Carter's dark horse candidacy overtook and then lapped the Democratic field from the far outside in 1976. Carter was the model of a "New South" white politician: a fusion of traditional southern conservative and Christian Democratic values, minus the Dixiecrat segregationist baggage.

In truth, Carter was inevitable well before Election Day. But from almost the day after, Carter began battling with Congress. There were always fights between Hamilton Jordan, Carter's chief of staff, and the Democrats. Always, Jordan actually thought Carter could govern while ignoring the House of Representatives. His attitude made for a very rough honeymoon. How do you, as president, dismiss one half of Congress that your own party controls? I guess the explanation was that Carter was really a naval officer and not a politician. Moreover, Carter thought his mandate came from the American electorate, not the liberal-leaning Democratic leadership in the House, a belief that had some truth to it.

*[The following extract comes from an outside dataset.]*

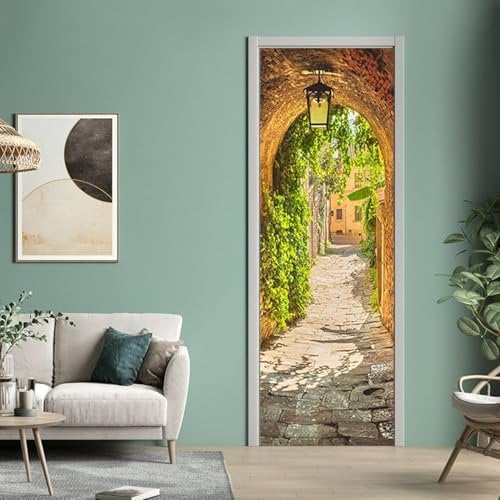 Türtapete Selbstklebend 100x200 Fenster Türfolie Türposter Landschaftsgewölbte Tür Türklebefolie Wandbild Türaufkleber Wandtapete 3D Effekt für Wohnzimmer Schlafzimmer Küche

Source: A Bad Day Since, by Charles Rangel, p.217-218 , Aug 5, 2008

2002: won Nobel Peace Prize for post-presidential work

In 2002, President Jimmy Carter won the Nobel Peace Prize, largely for his work after leaving the White House in fighting to eradicate guinea worm and river blindness in Africa, helping poor nations to become self-sufficient in food production, promoting human rights, building homes with Habitat for Humanity, and monitoring elections in troubled democracies to make sure that all eligible citizens can vote and that their votes are counted.
Source: Giving, by Bill Clinton, p. 6 , Sep 4, 2007

My faith goes beyond religion and requires work

I have one life and one chance to make it count for something.I am free to choose what that something is, and the something I've chosen is my faith. Now, my faith goes beyond theology and religion and requires considerable work and effort. My faith demands--this is not optional--my faith demands that I do whatever I can, wherever I am, whenever I can, for as long as I can with whatever I have, to try to make a difference.
Source: Be the Change, by Michelle Nunn, p. 23 , Nov 1, 2006

Fundamentalist politicians divide our country

Recent debates have both Democratic and Republican Parties relying on vituperative commercials to win elections, congressional deliberations increasingly characterized by partisan animosity, and our entire population having adopted "red" and "blue" as habitual descriptive phrases.

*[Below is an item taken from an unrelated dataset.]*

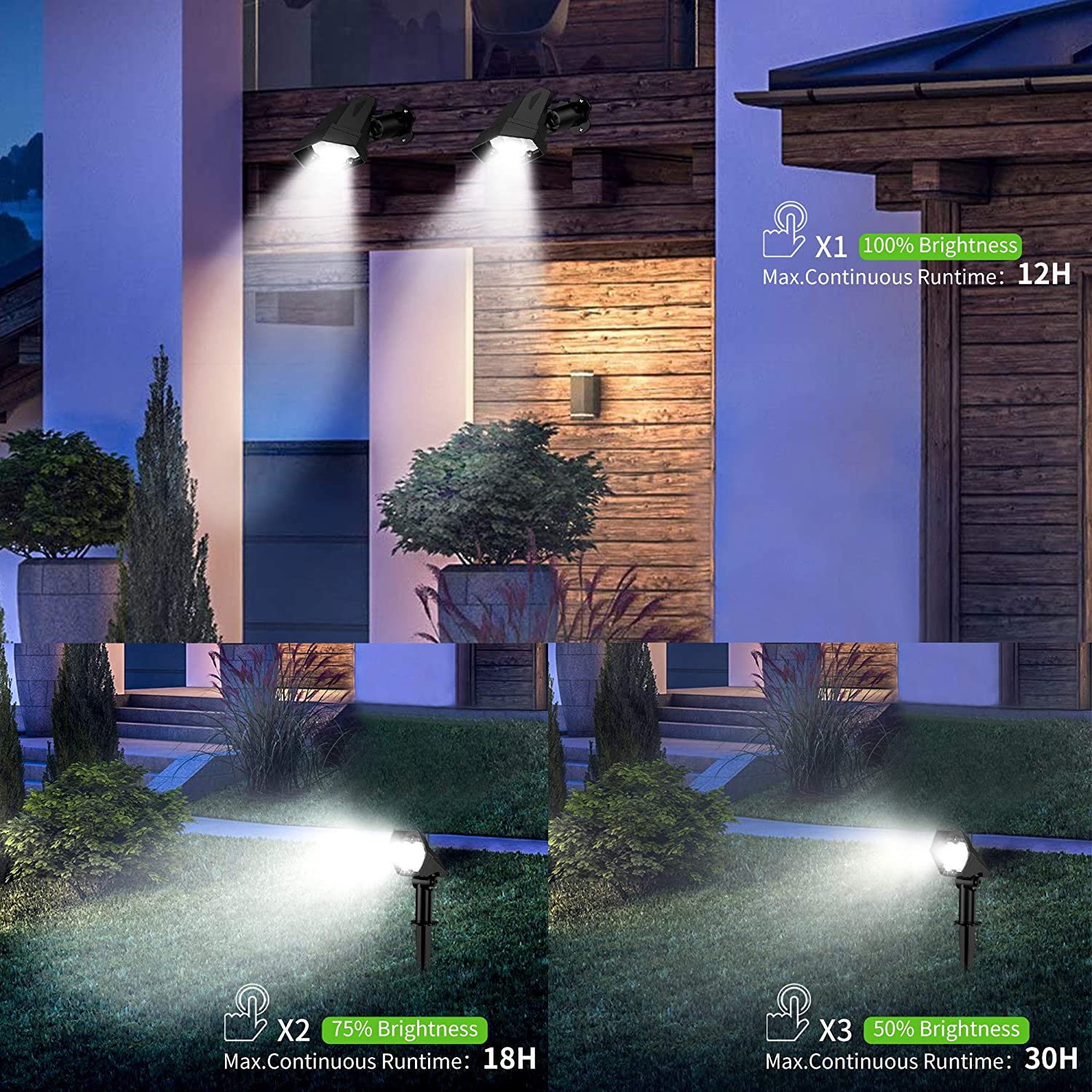 LED solar light adjustable power wall light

Fundamentalists have become increasingly influential in both religion and government, and have managed to change the nuances and subtleties of historic debate into black-and-white rigidities and the personal derogation of those who dare to disagree. At the same time, these religious and political conservatives have melded their efforts, bridging the formerly respected separation of church and state. This has empowered a group of influential "neoconservatives," who have been able to implement their long-frustrated philosophy in both domestic & foreign policy.

The influence of these various trends poses a threat to many of our nation's historic customs and moral commitments, both in government and in houses of worship.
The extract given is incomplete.